Cinema com Rapadura

OPINIÃO   quinta-feira, 30 de abril de 2009

X-Men Origens: Wolverine (2009): o episódio mais fraco da tetralogia

O filme solo sobre o mutante mais famoso dos “X-Men”, Wolverine, tem seus muitos momentos de diversão através de boas interpretações e cenas de ação eficientes. Porém, com tanta ação, falta espaço para o melhor desenvolvimento da história, tornando o produto final um longa-metragem comum, que poderia ser bem melhor aproveitado.
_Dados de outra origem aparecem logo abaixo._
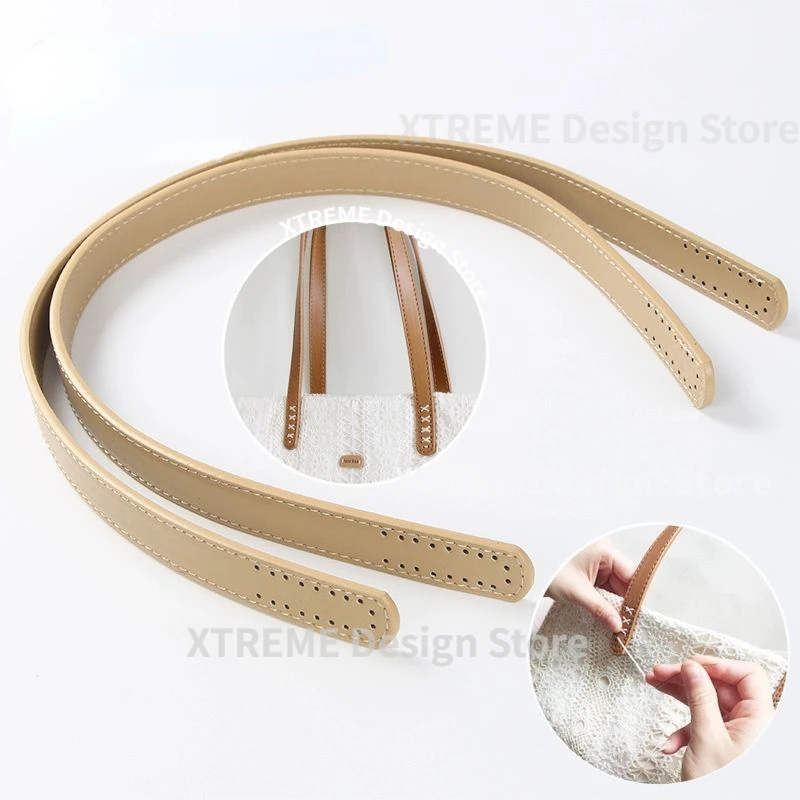 2Pcs PU Leather Shoulder Bag Strap Plain Weave Women Bag Handles DIY Replacement Handle For Handbag Belt Bag Accessory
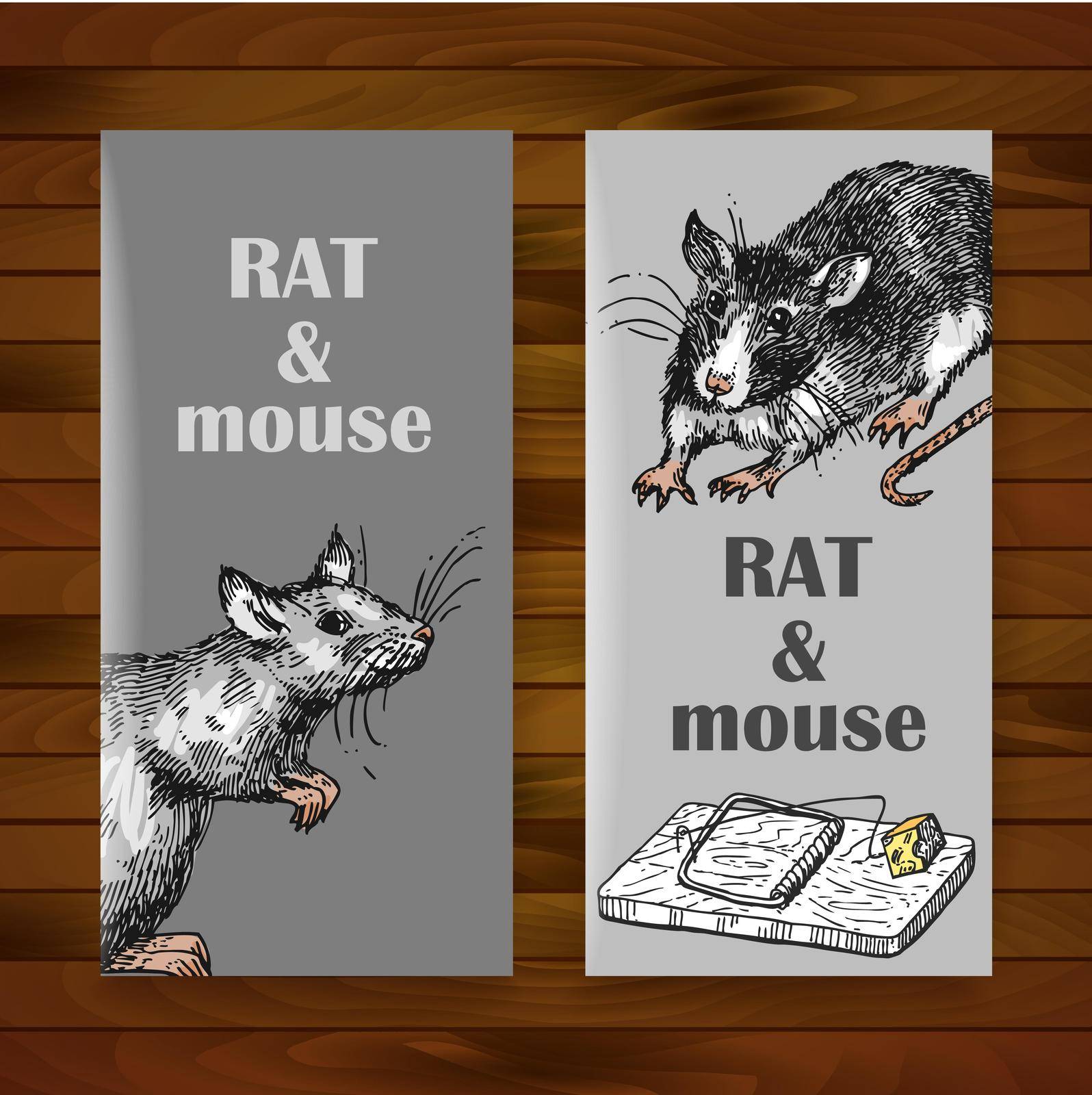 Rat sketch vector illustrations. Hand drawn picture with mouse. by steshnikova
Ninguém nega que o esquentado mutante da Marvel, Wolverine, é um dos personagens mais adorados pelos fãs de quadrinhos, e principalmente de “X-Men”. Depois que a terceira adaptação da franquia mutante para as telonas balanceou muito as críticas em 2006 (principalmente após a troca de diretores, saiu Bryan Singer, e entrou Brett Ratner), realizar um longa solo sobre a origem do misterioso personagem era a chance de retomar a credibilidade da série. Principalmente com o astro Hugh Jackman aceitando retornar ao papel, pois a essa altura ninguém engoliria outro ator para o personagem. A idéia sem dúvidas era boa, mas uma pena que nem sempre ideias legais são bem aplicadas na prática. “X-Men Origens: Wolverine” tem um potencial muito grande, mas que acaba tropeçando nas próprias armadilhas.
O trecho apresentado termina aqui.